TO DO:
Output exactly the lines of the listing below that run from the line with "60 Nanci Karen Dr, Warwick, RI 02886" through the line with "542 Tracey Lane, Brighton, MI". No pictures.

SUPPLIED RECORDS:
++++++

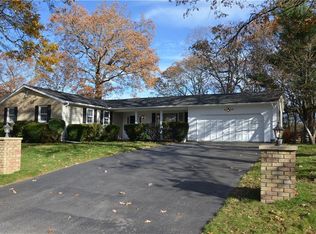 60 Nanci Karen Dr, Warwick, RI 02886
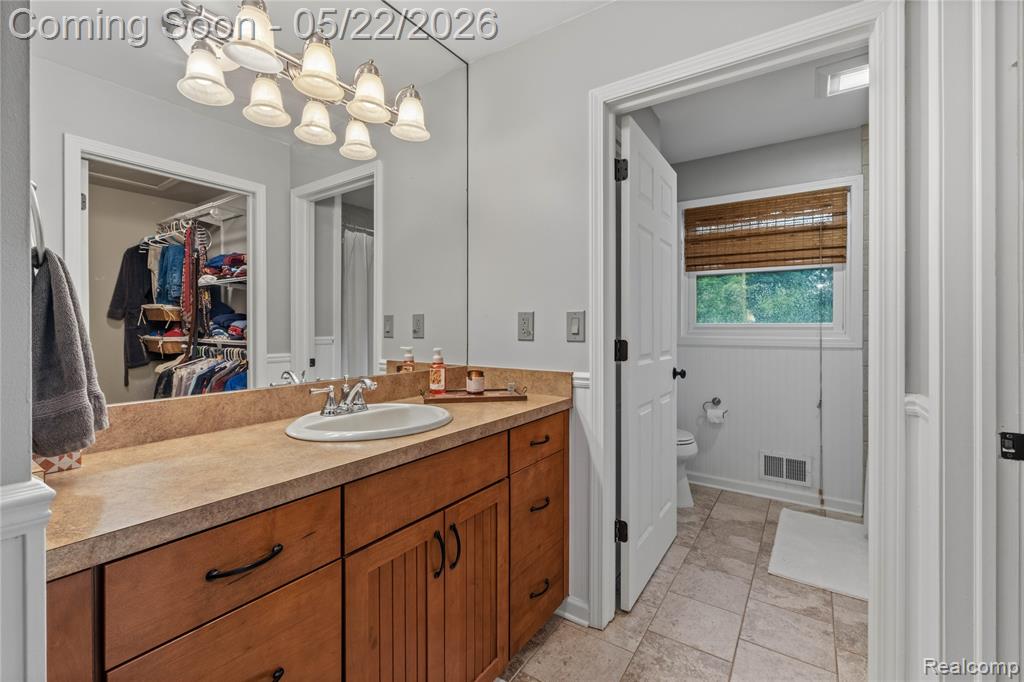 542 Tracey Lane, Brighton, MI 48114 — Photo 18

++++++

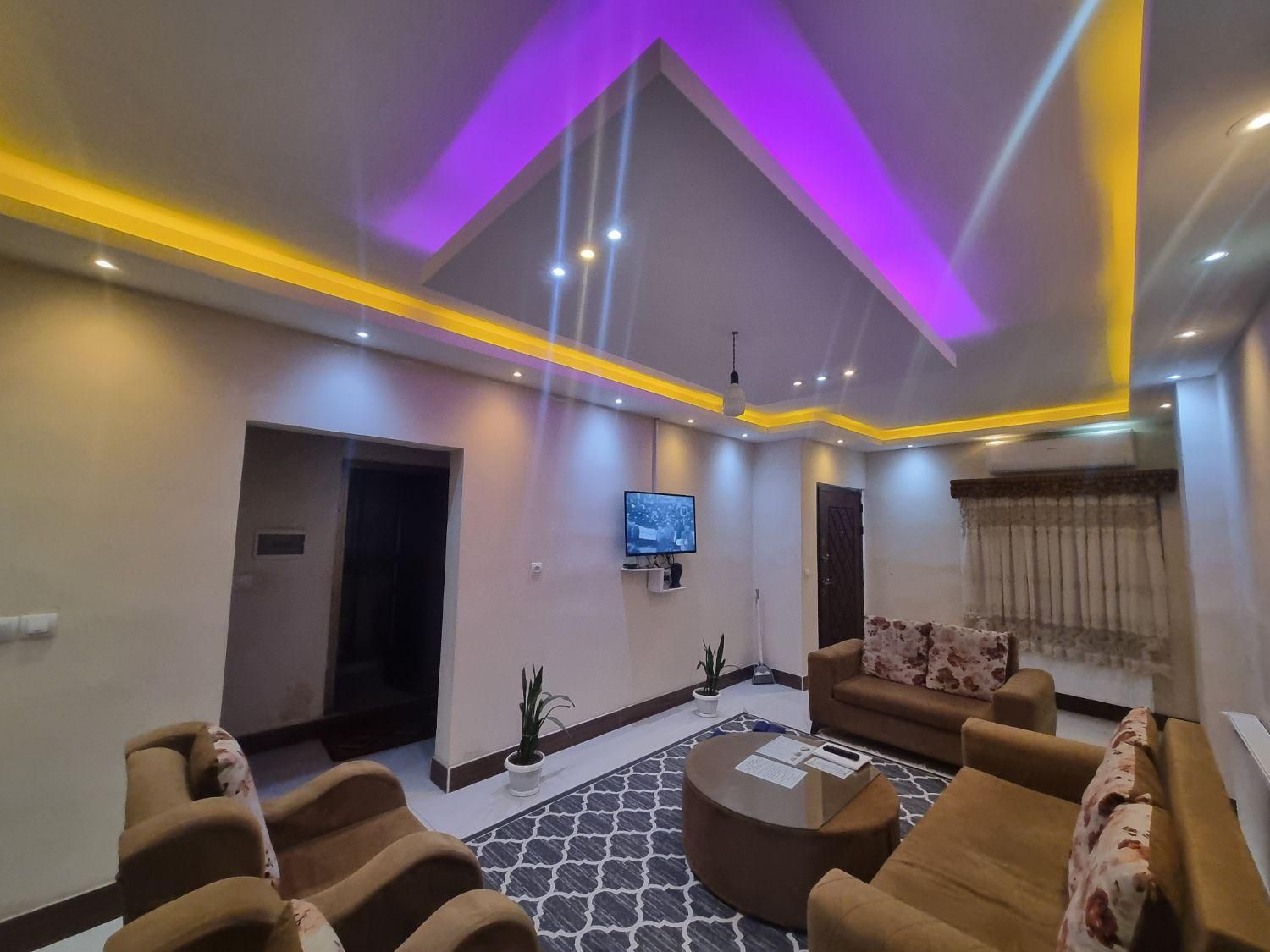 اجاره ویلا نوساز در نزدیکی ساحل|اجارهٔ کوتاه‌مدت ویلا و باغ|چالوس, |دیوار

++++++

RESPONSE AREA:
 60 Nanci Karen Dr, Warwick, RI 02886
 542 Tracey Lane, Brighton, MI 48114 — Photo 18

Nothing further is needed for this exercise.